The Wind Will Cease to Blow
Some people who read this blog might argue with me, especially if they were out in the canoe country recently. I know I have written about this before but it is worth repeating. If it is super windy and wavy and it is too scary to paddle then stay off of the water. Some of you are nodding your heads with me in agreement right now while you are on dry land reading this in the comfort of your own home or office but something happens when people are out in the woods and the wind starts to howl.
Somehow the wind has the ability to change a situation. Does it carry with it a spell that puts people into a zombie like state?
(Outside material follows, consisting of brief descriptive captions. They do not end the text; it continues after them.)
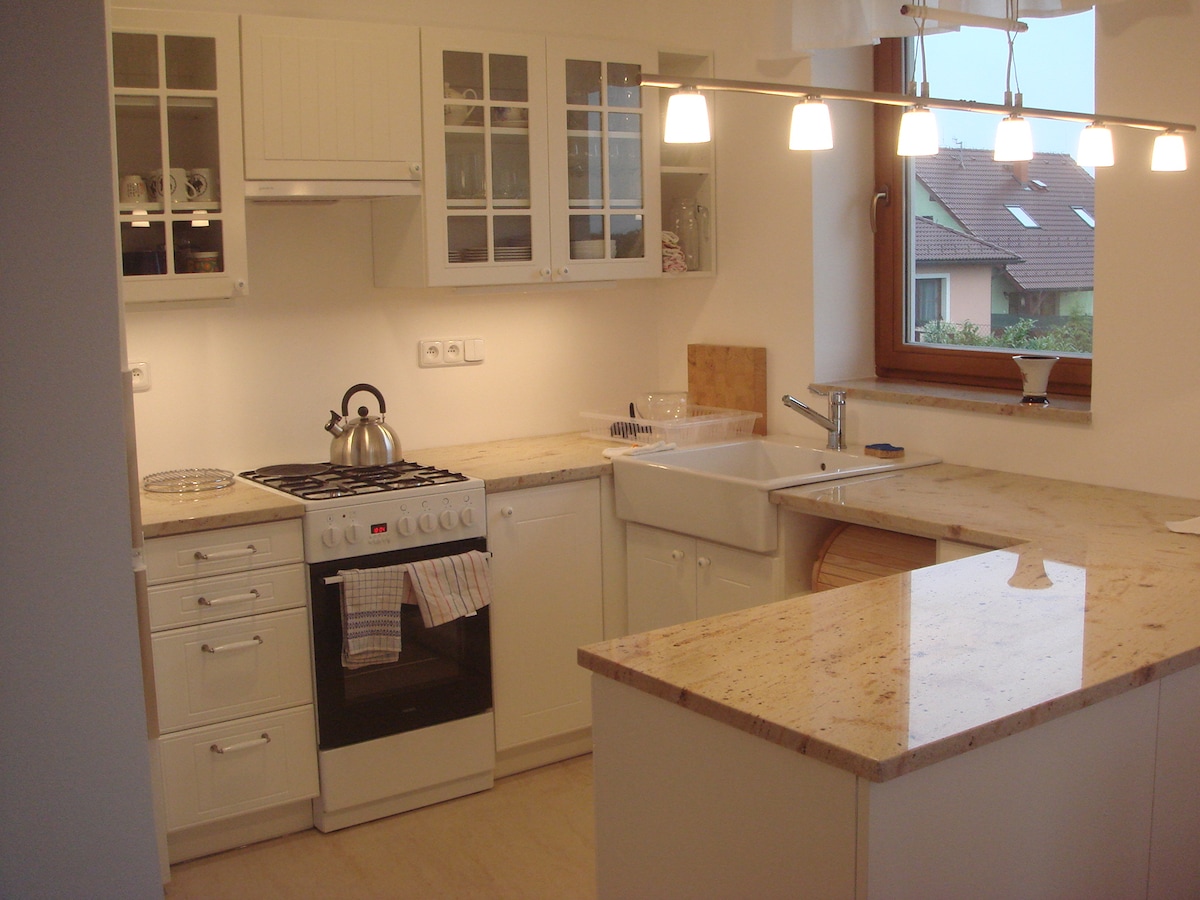 A well-appointed kitchen features white cabinetry and a spacious granite countertop. A stainless steel stove and an integrated sink are visible, along with glass-fronted cabinets displaying dishware. Soft lighting hangs above the countertop, creating an inviting atmosphere for meal preparation.
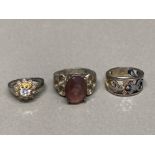 Three silver rings to include one white stone cluster 21.6g gross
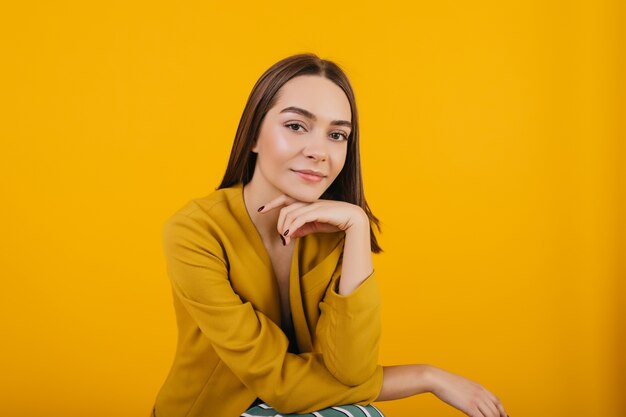 Modelo femenino en chaqueta amarilla de moda posando. Foto interior de mujer morena complacida con cabello oscuro posando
With arms stretched out straight in front of them people begin to chant, “We must leave the safety of our campsite and venture out into the water to risk life and limb to make it home safely, four days early.”
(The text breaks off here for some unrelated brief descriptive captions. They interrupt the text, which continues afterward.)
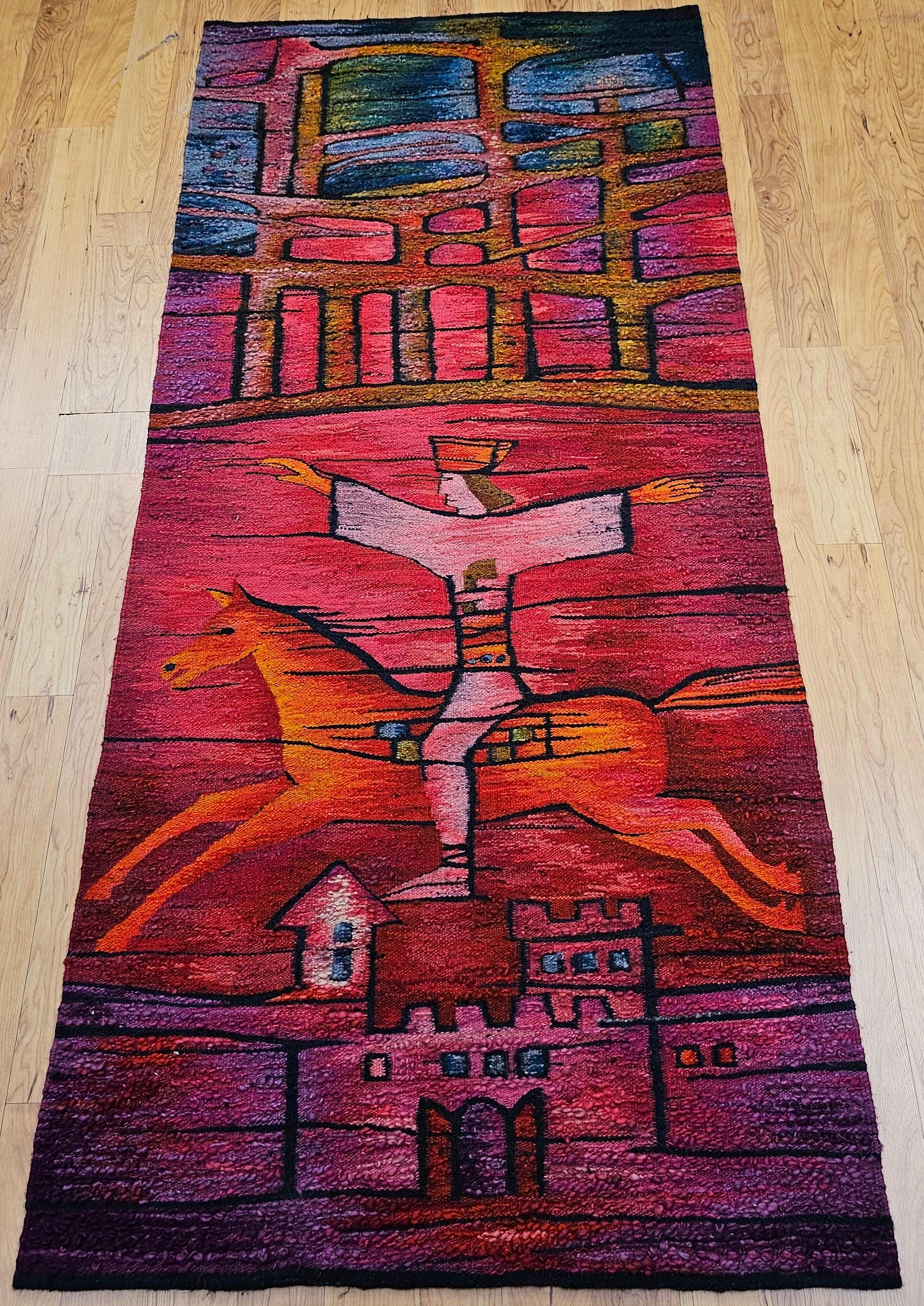 Dieser atemberaubende Wandteppich aus der Mitte des Jahrhunderts zeigt einen folkloristischen Reiter, der auf einem galoppierenden Pferd akrobatische Kunststücke vollführt. Das in juwelenfarbenen Tönen gewebte Werk strahlt Rhythmus, Bewegung und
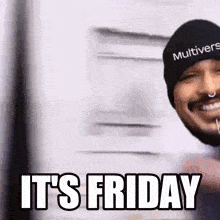 a man wearing a beanie that says it 's friday is smiling .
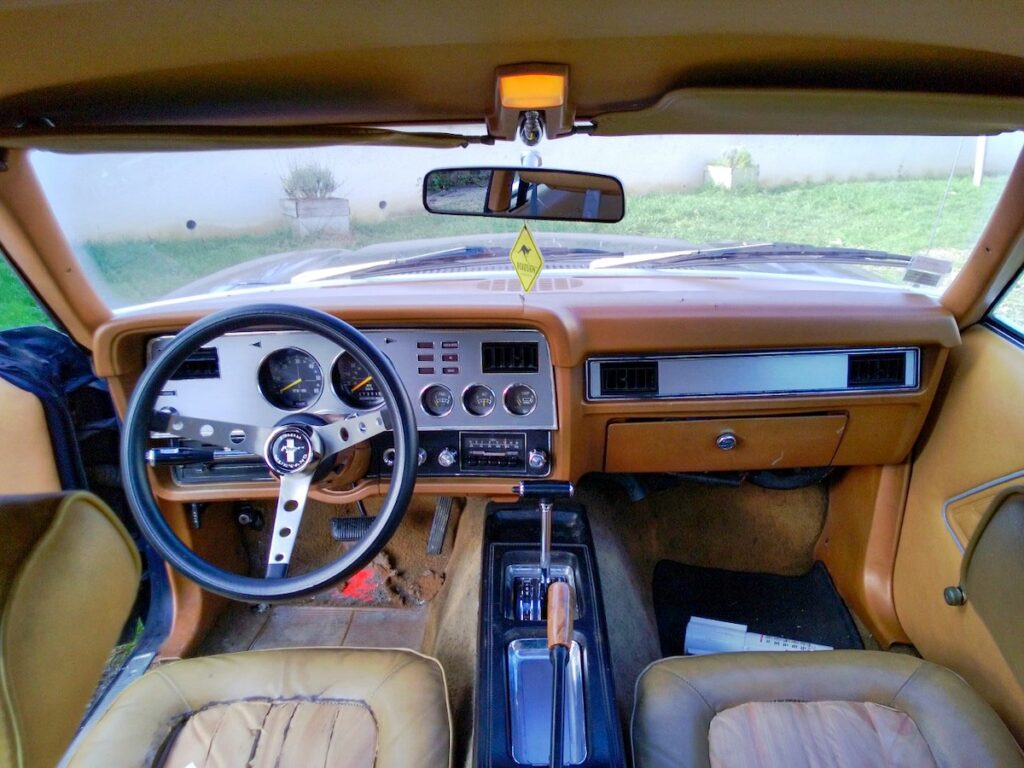 1978 Ford Mustang II interior with Grant steering wheel and aluminum dashboard, early restoration stage
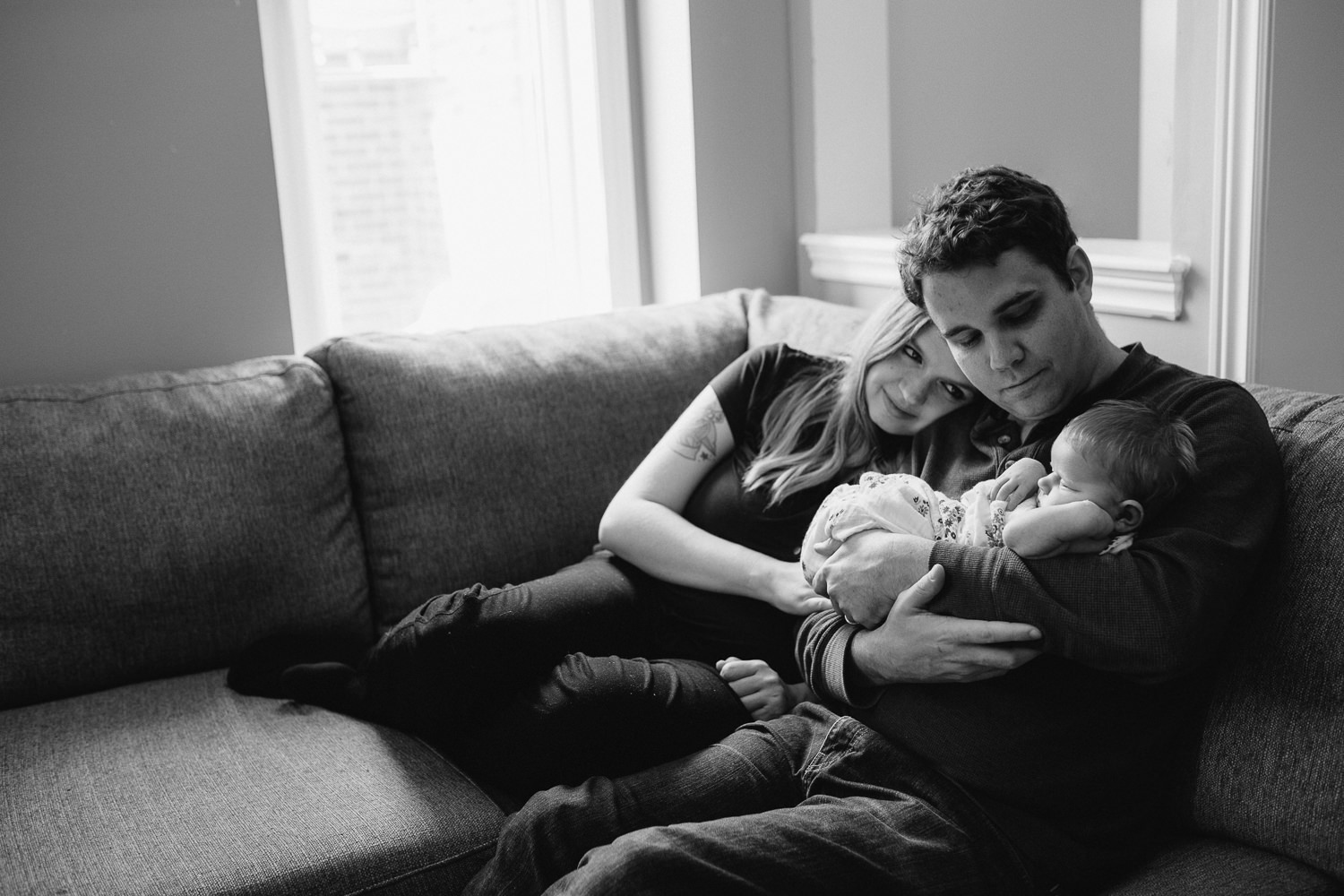 family of 3, new parents sitting on couch holding and looking at 2 week old baby girl - Barrie In-Home Photography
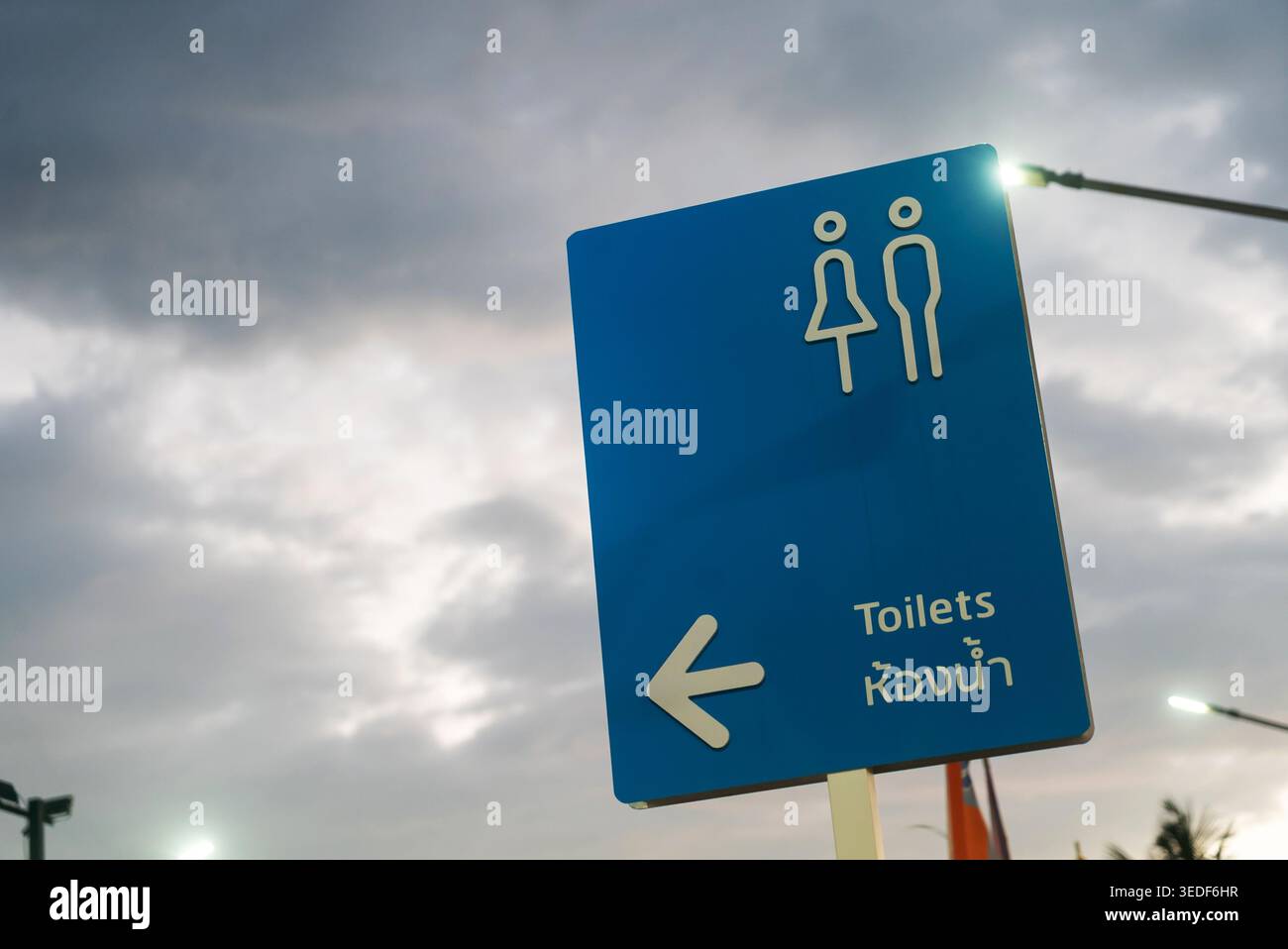 Un panneau directionnel bleu indiquant l'emplacement des toilettes publiques, avec des icônes universelles de genre et des instructions claires, placé contre un eveni nuageux Banque D'Images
I don’t believe this really happens but something about the wind blowing compels people to pack up camp and head out into a perilous situation. It doesn’t make sense to me how one minute a group is content to camp on an island for a week but then the wind begins to blow and their situation has changed from camping to being stranded on an island.
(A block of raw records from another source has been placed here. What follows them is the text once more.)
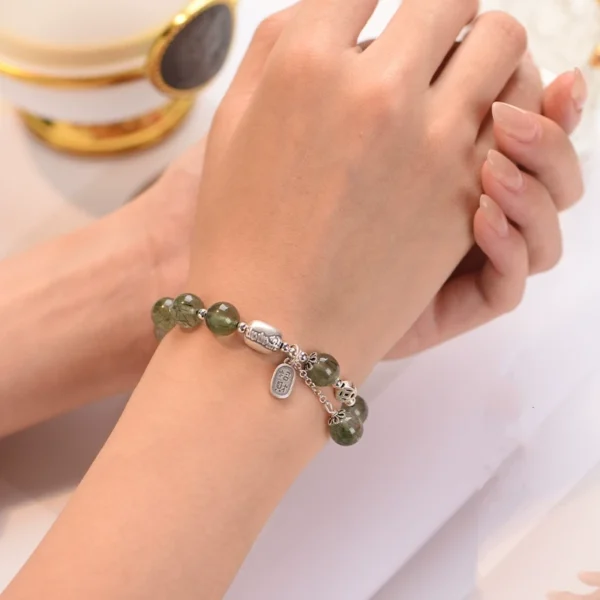 Woman wearing green rutilated quartz lucky bracelet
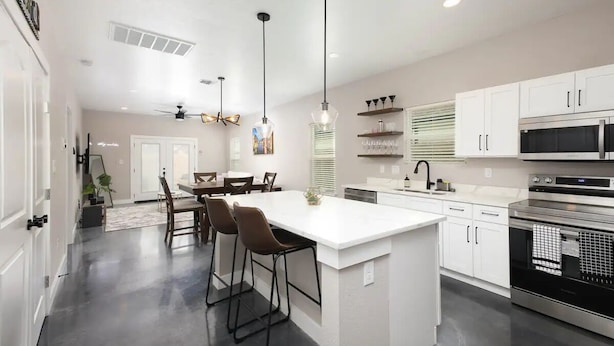 Una cocina moderna con una isla central, armarios blancos y electrodomésticos de acero inoxidable.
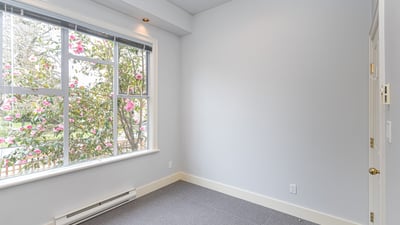 Bright room featuring a large window that offers natural light and views of blooming greenery.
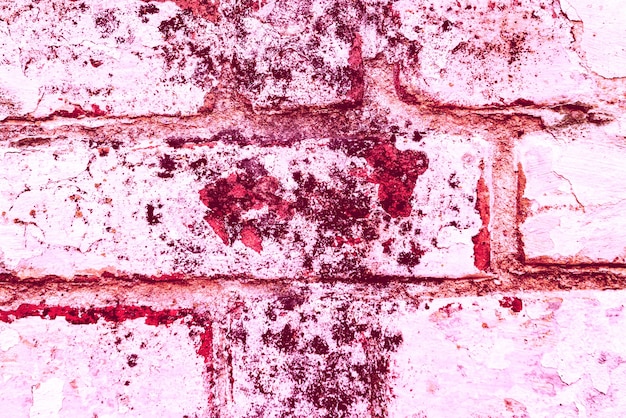 Texture di un muro di mattoni con crepe e graffi che può essere utilizzato come sfondo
When the wind blows it never fails. We have groups struggling in high waves to get back to Voyageur a day or days earlier than they were scheduled to return. The other night we rescued a group of campers who decided to paddle on Saganaga during super high wind and they capsized all of their canoes. Their gear was blown away along with their canoes and if it hadn’t been for Canadian homeowners all would have surely perished. What happens next is what really bothers me and it isn’t just because I’m tired of helping people like I told the Voyageur Crew, it’s because I worry for the safety of my crew more than the safety of everyone else. I care way more about our crew than I do about finding gear for someone who chose to paddle during inclement weather.
Now that I’m older and yes, a bit wiser, I realize things can happen in a split second. Boats can take on water, heads can get hit hard and people can die. While my summer crew is in my care I prefer that doesn’t happen to one of them. So, when we get called out to rescue someone or pick someone up three days early it bothers me. I don’t want to send our drivers out in windy and wavy conditions but because of the wind we are forced into doing it. So when I act mad and righteous it really isn’t because I’m mad, it’s because I’m scared. Will we continue to send people out to rescue others in this situation? Absolutely because I would want someone to do that for my loved one and it’s the right thing to do.
However, please do me a favor. If you are out on a lake and the wind starts to blow take advantage of the situation. Play cards, relax around a campfire, enjoy the fact there are no bugs and wait to paddle until the wind quits blowing. It will cease to blow, it always does.